Is there a smart way to use the compare function for loo estimates when there are many models to be compared (in my case 25 or so)? I can store the loo lists for each model i as e.g. LOOlist[[i]], but I can’t find any other way to compare them all than writing compare(LOOlist[[1]], LOOlist[[2]],…,LOOlist[[25]]). Has anyone come up with something neater?

do.call(compare, args = LOOlist) might work but the whole idea of comparing manyish models by ELPD is suspect because the bias gets largish.

do.call doesn’t seem to work, unfortunately.
But the notion that loo might be inappropriate when comparing multiple models is a larger issue. Why is that, and what would you suggest using instead? Is WAIC (or even DIC) more appropriate?

Those are less appropriate but all of them are asymptotic and the rates at which they converge are slower when there are more models to compare.

Thanks Ben
Much of the details behind LOO is new to me, so I apologize for the noobish questions.
When you say the bias gets largish, is there a general expectation in which direction this bias is expected to lean? Favor more complex models? Or simpler?

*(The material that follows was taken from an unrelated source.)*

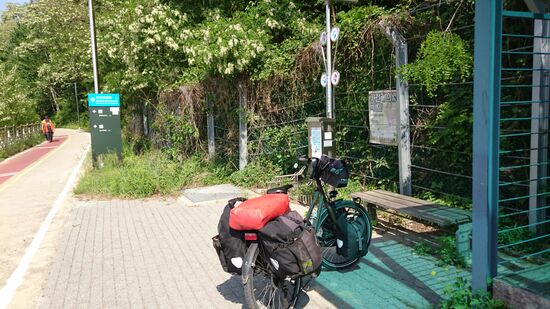 Radstation mit Druckluftpumpe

I don’t know but @avehtari might.

See Piironen and Vehtari (2017). Comparison of Bayesian predictive methods for model selection. Statistics and Computing, 27(3):711-735. doi:10.1007/s11222-016-9649-y.
some of the relevant points are also discussed in a tutorial video, which might clarify some of the basics more easily than that paper.

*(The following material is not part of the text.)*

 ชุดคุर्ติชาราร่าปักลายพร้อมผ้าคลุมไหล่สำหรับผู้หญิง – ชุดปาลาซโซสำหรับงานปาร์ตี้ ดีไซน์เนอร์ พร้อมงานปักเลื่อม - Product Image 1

Whether 25 models is too much depends on the ratio of number of observations and the number of parameters, and how noisy the data is. If there are many models which are close in performance with the best model, then any number of models is too much.

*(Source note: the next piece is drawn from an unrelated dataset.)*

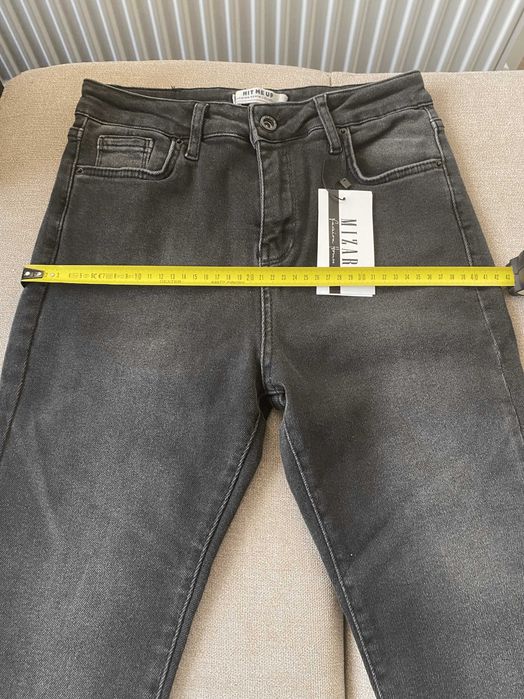 Pantaloni Mizar - marime 46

No, they have similar behavior but are slightly worse. See the same paper and video.

Thanks Aki. That’s a great video presentation.
Is there any way to assess when ELPD (or LOOIC) are too close to draw any conclusions?
My specific problem involves nested models, and I understood from your presentation that you think it’s better to use the more complex model for prediction if two models are close together. Is that correct? And what’s the reasoning behind that?

compare reports elpd_diff and diff_se, which give some assessment, but diff_se may be underestimated and normal approximation for the difference is also likely to be wrong when the models have similar predictions. However it is telling something useful as the elpd_diff and diff_se used in model averaging are useful Yao, Vehtari, Simpson, and Gelman (2018). Using stacking to average Bayesian predictive distributions (with discussion). In Bayesian Analysis, 13(3):917-1003.

The more complex model includes the smaller model and the uncertainty which model is better is included in the posterior of the more complex model. Bayes theory says that if there is uncertainty you should integrate over it instead of fixing it 0. Only if the more complex model would so much worse that in that integration it would have 0 probability then it could be ignored. To find out which is the smallest model which can provide similar predictions as the most complex model is a different decision task discussed also in that video.

Have you tried just compare(x=LOOlist)? You need to explicitly put the named argument x because it appears after the .... (Model comparison (deprecated, old version) — compare • loo)

Even better, if you can install loo 2.1.0 (just released so CRAN is still building binaries but you can install from source) then you can use the new loo_compare(), which is a better version of compare(),

comparison <- loo_compare(LOOlist)
print(comparison)
colnames(comparison) 

Yikes. compare(x=LOOlist) worked just fine! Embarrassing…

Thanks Aki. I think I just misinterpreted your point in the video as an argument for using only the more complex model because uncertainty regarding all parameters are included in those predictions. But re-watching I see that’s not what you’re saying. Your point about integrating over the uncertainty by including weighted predictions from both (or more) models makes perfect sense. Thanks. And again, great video.